Polscy szczypiorniści drugą fazę mistrzostw rozpoczęli od spotkania z teoretycznie najłatwiejszym rywalem. Urugwajczycy, zgodnie z przewidywaniami, nie byli w stanie poważnie zagrozić Biało-czerwonym, chociaż walczyli ambitnie. Po kilku początkowych minutach i trafieniach Tomasza Gębali i Arkadiusza Moryto drużyna prowadzona przez Patryka Rombla prowadziła 4:1.
Trener oklaskiwał skuteczną akcję na skrzydle Michała Daszka, po chwili kapitalną interwencją popisał się nasz bramkarz Adam Morawski i przewaga Biało-czerwonych wzrastała z każdą minutą. Gra Polaków momentami falowała, ale pierwszą połowę zakończyła skuteczna kombinacja Daszka i Jana Czuwary. Do przerwy Biało-czerwoni prowadzili 14:9.

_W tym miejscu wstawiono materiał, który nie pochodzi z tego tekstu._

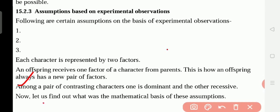Now let us find out the mathematical basis of this assumption. Without any proof, these assumptions were made by Mendel through his experimental observations — without proof of what is happening inside with the genes.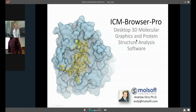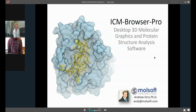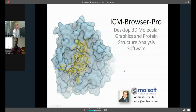Today I'll be talking about ICM Browser Pro software, which is a desktop 3D molecular graphics and protein structure analysis software. If you have any questions during the webinar you can text them as we go along and I'll try to answer them at the end. After the webinar, please feel free to email me at andy@molsoft.com.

🇺🇾🆚🇵🇱 Poland lead World Championship debutants Uruguay 14:9 at half-time 💪 pic.twitter.com/4SYQfCDaN2
— International Handball Federation (@ihf_info) January 21, 2021
Na początku drugiej połowy ambicji Urugwajczyków z pomocą przyszli sędziowie, którzy podjęli kilka dziwnych decyzji na niekorzyść naszej drużyny. Wynik cały czas był pod kontrolą, ale rywale popełniali niewiele błędów i nie pozwalali Polakom zwiększać różnicy. Po chwili nasi zanotowali jednak cztery trafienia z rzędu. Moryto ruszył do szybkiej kontry i zrobiło się 20:13, a trener rywali poprosił o przerwę.

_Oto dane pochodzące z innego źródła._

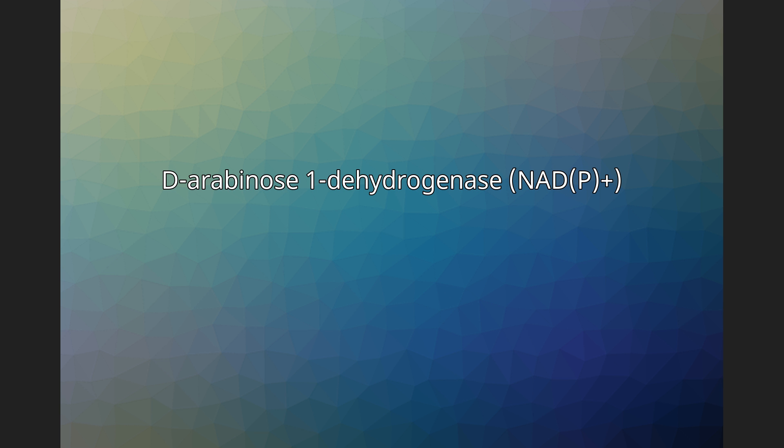The systematic name of this enzyme class is D-arabinose:NAD+ 1-oxidoreductase.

Do końca spotkania pozostawało tylko pytanie, jaką różnica bramkową wygrają Polacy. Moryto zabójczo skuteczny śrubował swój rekord strzelecki i zatrzymał się ostatecznie na ośmiu bramkach, a wynik 30:16. MVP spotkania został Szymon Sićko.
Kolejni rywale Biało-czerwonych będą o wiele groźniejsi. W sobotę nasi piłkarze ręczni zmierzą się z Węgrami, a w poniedziałek zagrają z Niemcami.